There has to be a law. Our people are witnessing this, and we are experiencing real trauma. You go to any urban centre in this country and you will see my people homeless on the street. Don't think that we don't see that as an injustice when our limited resources are being given away with the checking of a box.

Noon

Conservative

Jamie Schmale Conservative Haliburton—Kawartha Lakes—Brock, ON

I agree. There need to be consequences—

Noon

Liberal

The Chair Liberal Patrick Weiler

I'm sorry, Mr. Schmale. We're well over time here. We're going to have to move to the next speaker.

Mr. Battiste, you have the floor for four minutes.

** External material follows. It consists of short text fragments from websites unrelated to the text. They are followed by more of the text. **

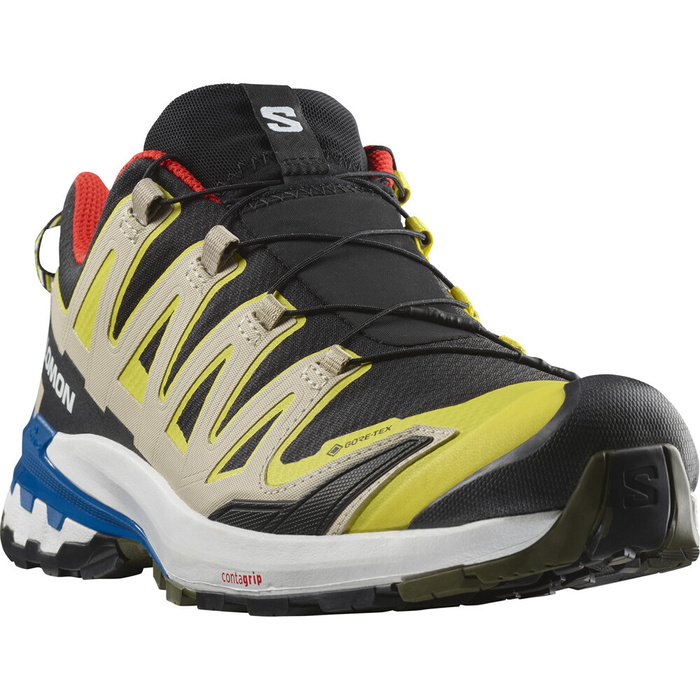 Buty do biegów w terenie męskie SALOMON XA PRO 3D V9 GTX 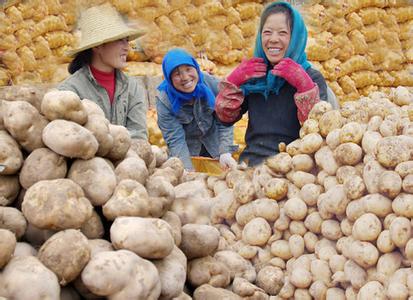 甘肃省定西市安定区——中国马铃薯之乡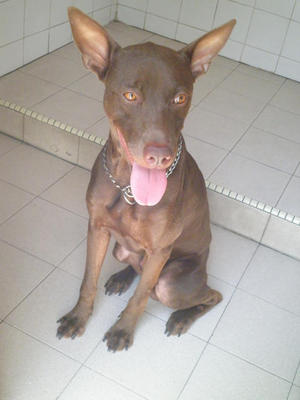 Scooby - Mixed Breed Dog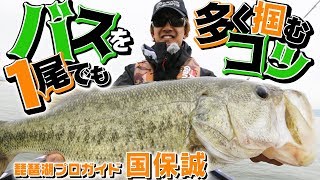 琵琶湖プロガイド国保誠「バスを１尾でも多く掴むコツ」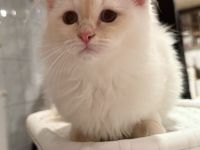 Heilige Birma Kater Kitten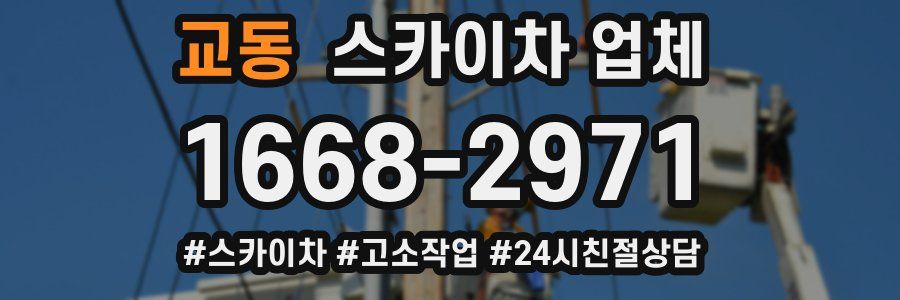 교동 스카이차 업체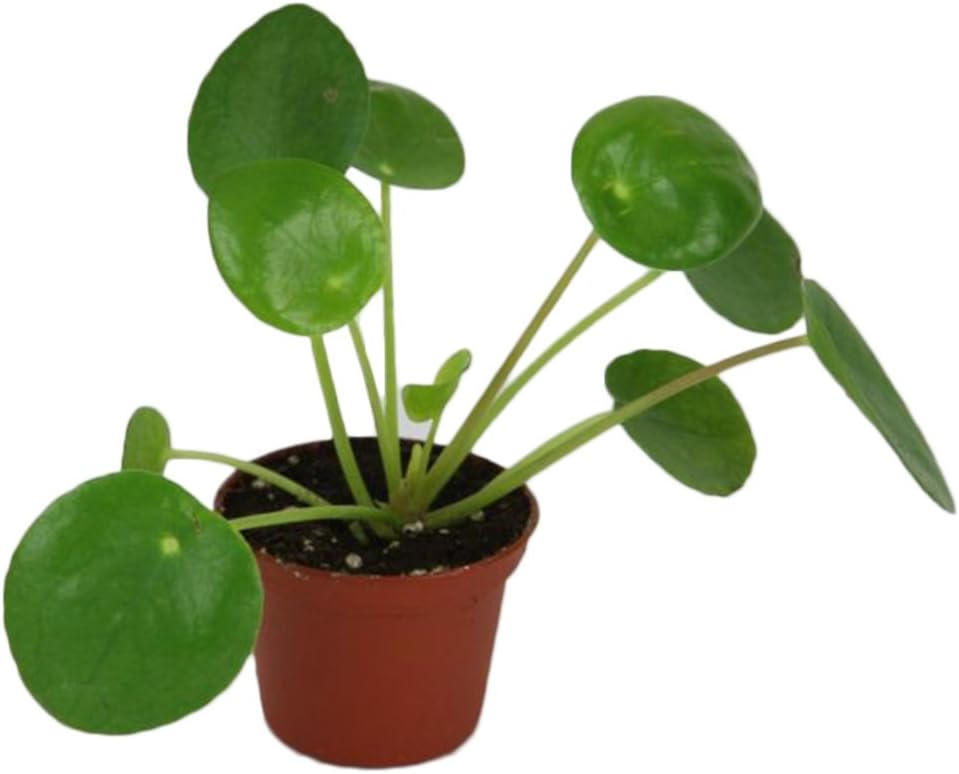 LISRUI 50Pcs Pilea Peperomioides Money Plant Seeds, Pancake Shape Tree Seeds, Home Garden Decor Seeds for Planting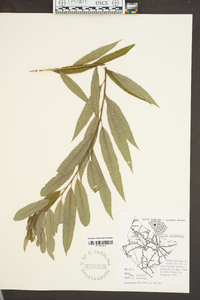 Salix caroliniana image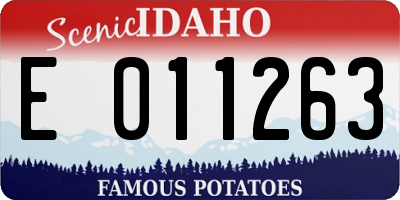 ID license plate E011263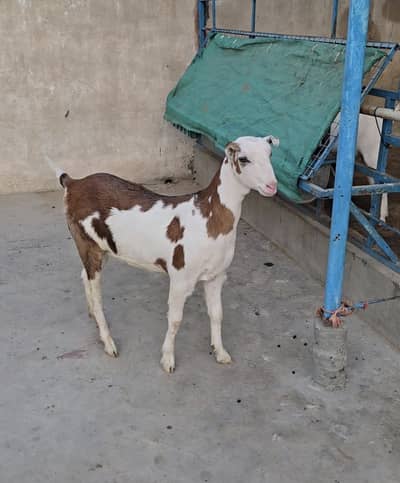 gulabi teddy ablak bakri goat tedy top quality
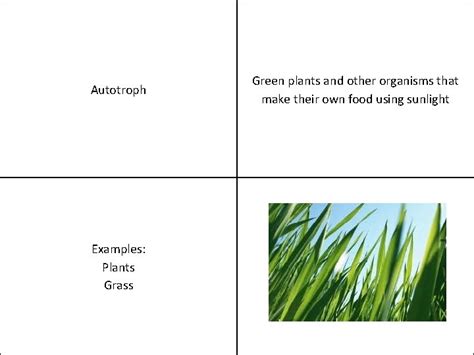 Autotroph Examples Plants Grass Green plants and other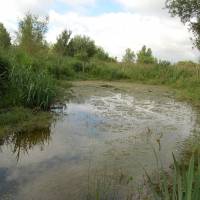 Marais de Taligny CPIE Touraine Val de Loire©PNR Loire Anjou Touraine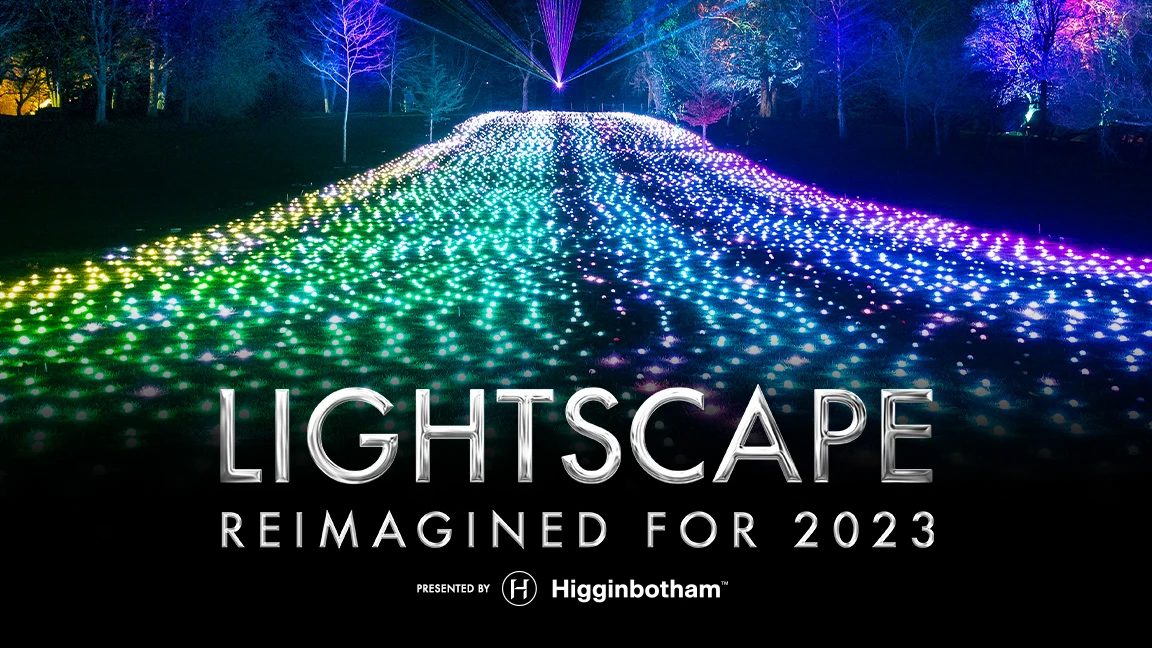 Lightscape: What to expect - 1
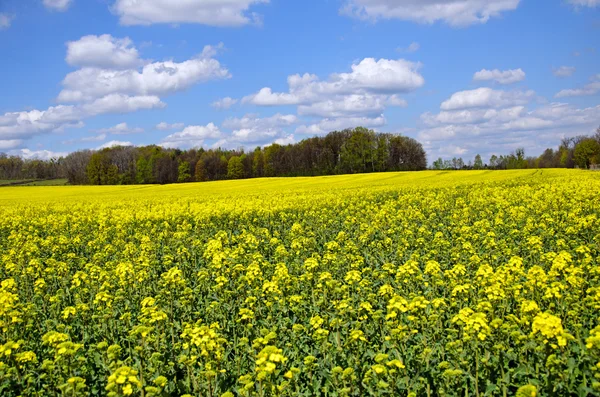 Bloeiende koolzaad veld — Stockfoto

Jaime Battiste Liberal Sydney—Victoria, NS

I understand that both witnesses are first nations or status Indians—as am I, from the Mi'kmaq community—so I'll direct some of the questions around how we can verify first nations in our communities instead of the indigenous box. It's very difficult. We're looking at three separate indigenous groups who all have different ways of determining who is a member of the Inuit, who is a member of the Métis and who is a member of the first nations.

There are challenges within first nations with the Indian Act, in terms of status after 1985. Section 6 cuts off the ability for first nations to pass down their status past the second generation. Further to that, there's a non-stated paternity policy that says if you are a woman who doesn't know, or doesn't want to list, who the father of your child is, it's automatically the assumption that the father would be non-status.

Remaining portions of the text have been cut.